Again, there was little to argue against. Still just 27, Bony had scored 26 goals in 54 league games (only 43 of which were starts) at Swansea City. When Manuel Pellegrini needed a back-up to Sergio Aguero, they paid a fee for Bony that could have topped £30m.

Even on £120,000-a-week wages at Stoke, Bony’s arrival potentially filled a long-term void in Hughes’ squad. Marko Arnautovic and Mame Biram Diouf have both helped out with goals in the last two seasons, but Stoke have never possessed a reliable Premier League goalscorer. The last Stoke players to score 12 or more goals in a league season were Ricardo Fuller and Liam Lawrence in the Championship in 2007/08.

So far, Bony has fallen short of even the lowest expectations. Not only has he failed to score, but hasn’t even offered a goal threat. His hold-up play, the strength of his game at Swansea and Manchester City, has been abject. There have also been reports that Stoke’s staff are unhappy with Bony’s effort in training and work-rate in matches. The highest-paid player in Stoke’s history may have soured his reputation within four weeks.

Against United, Stoke might as well have been playing with ten men. Hughes asked his Stoke team to sit deep and defend, thus relying on Bony to lead the line and relieve pressure. Instead, he won two headers, managed no shots, lost possession on 17 occasions and struggled throughout with his first touch. Bony shook his head when substituted after 77 minutes, as if unhappy with Mark Hughes’ decision to withdraw him. If anything, it came 32 minutes too late. Stoke’s equaliser would follow later, in his absence.

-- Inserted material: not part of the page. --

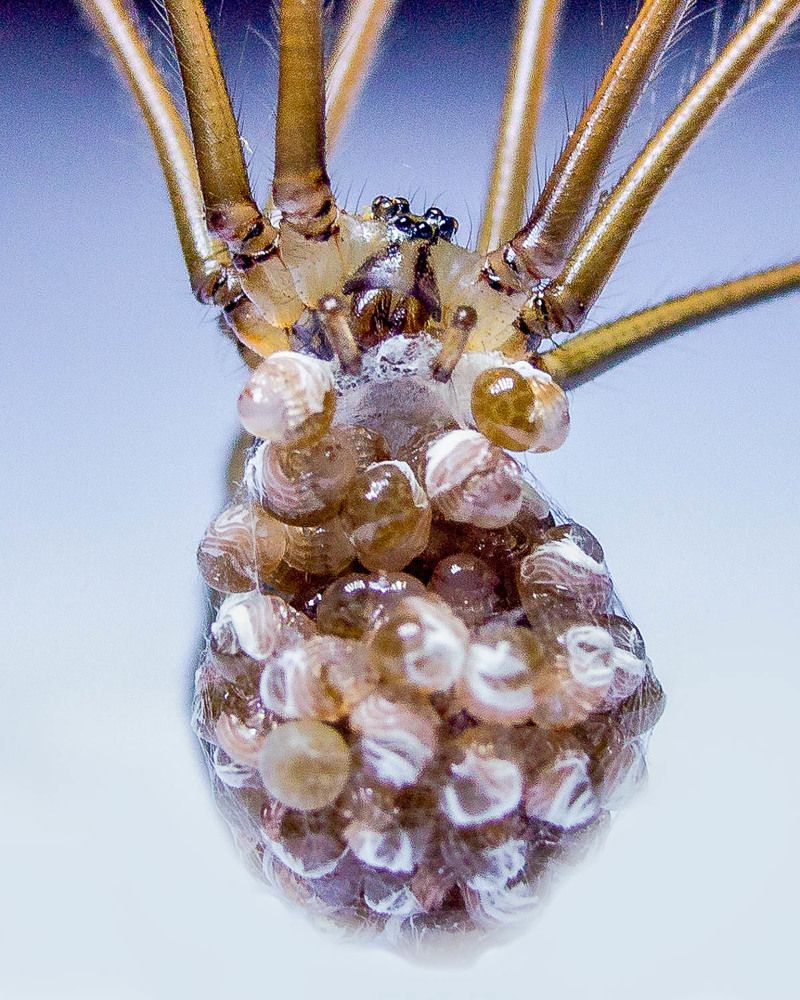 Photograph by Ken Stavrou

In 318 minutes this season, Bony has had one shot on target. A list of Stoke players with more includes Joe Allen, Arnautovic, Bojan, Ryan Shawcross, Geoff Cameron and Glen Johnson. In 318 minutes he has created two chances. A list of Stoke players with more includes Allen, Arnautovic, Bojan, Glenn Whelan, Xherdan Shaqiri and Erik Pieters; Phil Bardsley can match him on both in significantly fewer minutes.

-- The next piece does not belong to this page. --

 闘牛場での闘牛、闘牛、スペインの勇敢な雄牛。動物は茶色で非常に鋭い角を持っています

Given Stoke’s difficult start to the season, Mark Hughes will be delighted at taking a point from Old Trafford; this must be the catalyst. However, while Lee Grant, Ryan Shawcross and Ryan Shawcross all impressed, the player at the top of Stoke’s spine was again hugely disappointing. The form of his highest-paid player will give Hughes some sleepless nights over the forthcoming international break.

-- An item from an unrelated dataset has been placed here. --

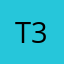 T3mnHendr1x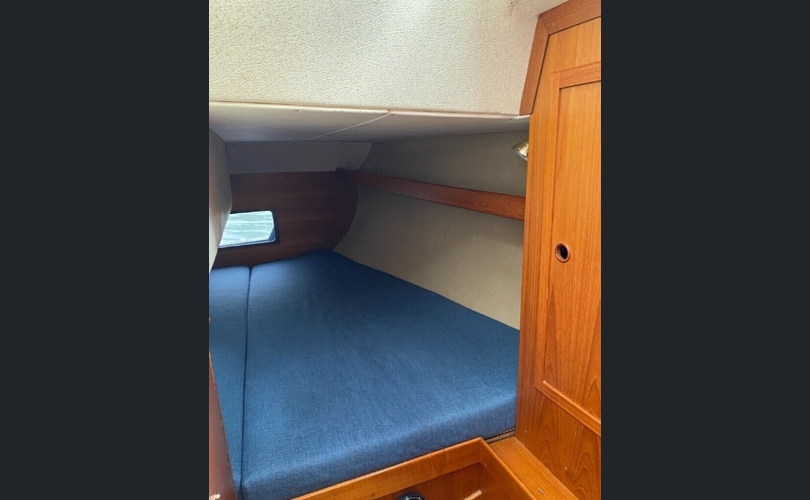 Avance 318-kuva-8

No catastrophe, but a serious case of tempered expectations. Two weeks ago, Everton sat second in the Premier League with a home League Cup tie against Championship opposition to come. Now they’re out of one domestic cup competition, have moved down to fifth and next travel to a Manchester City who have won every home game so far this season. Sometimes it feels like Idrissa Gueye and Romelu Lukaku are carrying a team on their shoulders.


West Ham fans

Look away now…



With Stoke (a), West Ham (a), Arsenal (h) next up, it’s not hard to imagine Sunderland earning just two points from their first ten games, a quarter of the season bringing only misery. It’s at that point that David Moyes is sacked, and Sunderland again gamble on a Great Escape. The only achievement might be in beating their own record low points total of 15.


Zlatan Ibrahimovic
Our early loser, and on his birthday too. No cause for widespread panic, but it would be nice to know Jose Mourinho has a plan B for when Ibrahimovic isn’t firing. It’s now 23 shots since his last league goal.


David de Gea
A rare mistake, but a mistake all the same. Whereas Ibrahimovic’s spurned chances will easily be put to the back of the mind, De Gea’s error cost Manchester United two points. Such is the lot of a goalkeeper.